- Crawled caption data
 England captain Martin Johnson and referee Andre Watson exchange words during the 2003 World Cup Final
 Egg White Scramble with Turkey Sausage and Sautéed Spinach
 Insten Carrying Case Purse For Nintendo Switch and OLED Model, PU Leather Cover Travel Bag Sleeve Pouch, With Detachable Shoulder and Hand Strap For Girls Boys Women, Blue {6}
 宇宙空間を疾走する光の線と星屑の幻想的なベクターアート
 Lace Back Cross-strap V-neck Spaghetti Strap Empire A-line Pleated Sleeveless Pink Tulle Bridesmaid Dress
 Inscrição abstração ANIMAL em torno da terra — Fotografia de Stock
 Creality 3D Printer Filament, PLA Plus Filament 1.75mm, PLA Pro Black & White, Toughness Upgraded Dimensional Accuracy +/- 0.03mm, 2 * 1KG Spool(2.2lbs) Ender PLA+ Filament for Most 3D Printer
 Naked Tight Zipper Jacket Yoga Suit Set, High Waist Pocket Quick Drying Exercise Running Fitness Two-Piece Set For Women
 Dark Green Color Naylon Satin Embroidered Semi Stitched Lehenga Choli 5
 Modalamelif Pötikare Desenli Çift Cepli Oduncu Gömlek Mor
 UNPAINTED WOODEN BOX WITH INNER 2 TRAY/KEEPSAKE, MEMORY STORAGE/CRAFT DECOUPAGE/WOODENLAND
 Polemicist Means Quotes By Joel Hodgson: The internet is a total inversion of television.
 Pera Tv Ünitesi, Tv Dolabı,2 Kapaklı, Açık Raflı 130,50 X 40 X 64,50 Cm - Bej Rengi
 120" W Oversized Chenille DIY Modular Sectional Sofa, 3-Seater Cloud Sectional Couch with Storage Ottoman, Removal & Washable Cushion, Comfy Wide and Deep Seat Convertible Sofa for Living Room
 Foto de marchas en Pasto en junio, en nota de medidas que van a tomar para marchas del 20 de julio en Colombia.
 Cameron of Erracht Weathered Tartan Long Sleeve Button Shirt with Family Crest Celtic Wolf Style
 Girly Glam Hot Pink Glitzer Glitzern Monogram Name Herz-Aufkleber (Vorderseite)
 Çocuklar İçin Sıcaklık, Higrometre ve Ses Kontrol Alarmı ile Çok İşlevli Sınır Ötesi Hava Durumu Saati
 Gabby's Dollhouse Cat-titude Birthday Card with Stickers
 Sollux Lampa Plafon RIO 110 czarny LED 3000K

- Task statement
An exact copy of every line above is what this asks for.

- Solved exercise
 England captain Martin Johnson and referee Andre Watson exchange words during the 2003 World Cup Final
 Egg White Scramble with Turkey Sausage and Sautéed Spinach
 Insten Carrying Case Purse For Nintendo Switch and OLED Model, PU Leather Cover Travel Bag Sleeve Pouch, With Detachable Shoulder and Hand Strap For Girls Boys Women, Blue {6}
 宇宙空間を疾走する光の線と星屑の幻想的なベクターアート
 Lace Back Cross-strap V-neck Spaghetti Strap Empire A-line Pleated Sleeveless Pink Tulle Bridesmaid Dress
 Inscrição abstração ANIMAL em torno da terra — Fotografia de Stock
 Creality 3D Printer Filament, PLA Plus Filament 1.75mm, PLA Pro Black & White, Toughness Upgraded Dimensional Accuracy +/- 0.03mm, 2 * 1KG Spool(2.2lbs) Ender PLA+ Filament for Most 3D Printer
 Naked Tight Zipper Jacket Yoga Suit Set, High Waist Pocket Quick Drying Exercise Running Fitness Two-Piece Set For Women
 Dark Green Color Naylon Satin Embroidered Semi Stitched Lehenga Choli 5
 Modalamelif Pötikare Desenli Çift Cepli Oduncu Gömlek Mor
 UNPAINTED WOODEN BOX WITH INNER 2 TRAY/KEEPSAKE, MEMORY STORAGE/CRAFT DECOUPAGE/WOODENLAND
 Polemicist Means Quotes By Joel Hodgson: The internet is a total inversion of television.
 Pera Tv Ünitesi, Tv Dolabı,2 Kapaklı, Açık Raflı 130,50 X 40 X 64,50 Cm - Bej Rengi
 120" W Oversized Chenille DIY Modular Sectional Sofa, 3-Seater Cloud Sectional Couch with Storage Ottoman, Removal & Washable Cushion, Comfy Wide and Deep Seat Convertible Sofa for Living Room
 Foto de marchas en Pasto en junio, en nota de medidas que van a tomar para marchas del 20 de julio en Colombia.
 Cameron of Erracht Weathered Tartan Long Sleeve Button Shirt with Family Crest Celtic Wolf Style
 Girly Glam Hot Pink Glitzer Glitzern Monogram Name Herz-Aufkleber (Vorderseite)
 Çocuklar İçin Sıcaklık, Higrometre ve Ses Kontrol Alarmı ile Çok İşlevli Sınır Ötesi Hava Durumu Saati
 Gabby's Dollhouse Cat-titude Birthday Card with Stickers
 Sollux Lampa Plafon RIO 110 czarny LED 3000K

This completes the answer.